- Ribbon bar of the medal
- Type: Royal commemorative medal
- Awarded for: Commemoration of the 25th anniversary of the ascension of Haakon VII
- Presented by: The Royal House of Norway
- Established: 1930

Order of Wear
- Next (higher): King Haakon VII Commemorative Medal Kong Haakon VIIs minnemedalje
- Next (lower): King Haakon VII 1905–1955 Jubilee Medal Kong Haakon VIIs jubileumsmedalje 1905-1955

= King Haakon VII 1905–1930 Jubilee Medal =

The King Haakon VII 1905–1930 Jubilee Medal (Kong Haakon VIIs jubileumsmedalje 1905–1930), also known as the King's Jubilee Medal (Kongens jubileumsmedalje), is a Norwegian award instituted in 1930 by Haakon VII of Norway in honor of the 25th anniversary of his accession to the throne. The medal has been conferred upon 397 people.

==Description==
The King Haakon VII 1905–1930 Jubilee Medal is made of silver and is 33 mm in diameter. The obverse depicts King Haakon VII with the inscription "HAAKON • VII • NORGES • KONGE •" (Haakon VII King of Norway). The reverse shows the royal monogram. The medal was created by the engraver Ivar Throndsen. The medal is fitted to a royal crown and hangs from a red medal ribbon.

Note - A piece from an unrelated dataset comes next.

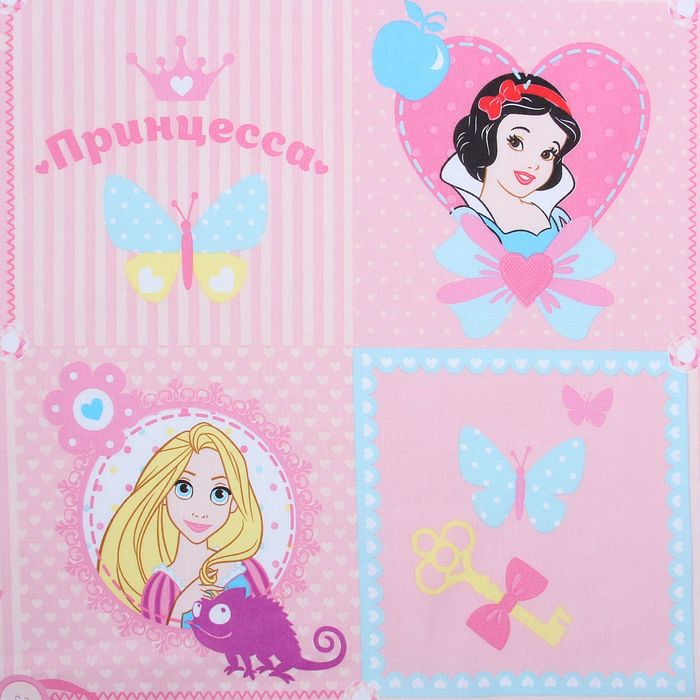 Постельное бельё "Принцессы", 112 х 147 см, 100 х 150 см, 40 х 60 см - 1 шт, 100% хлопок, поплин, 125 г/м2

The medal ribbon has a silver clasp reading "1905–1930."

Later the King Haakon VII 1905–1955 Jubilee Medal (Kong Haakon VIIs jubileumsmedalje 1905-1955), the King Haakon VII Commemorative Medal (Kong Haakon VIIs minnemedalje), and the King Haakon VII Centennial Medal (Kong Haakon VIIs 100-årsmedalje) were given the same design as the King Haakon VII 1905–1930 Jubilee Medal, but the ribbon clasps and inscriptions were modified to match the occasions they marked.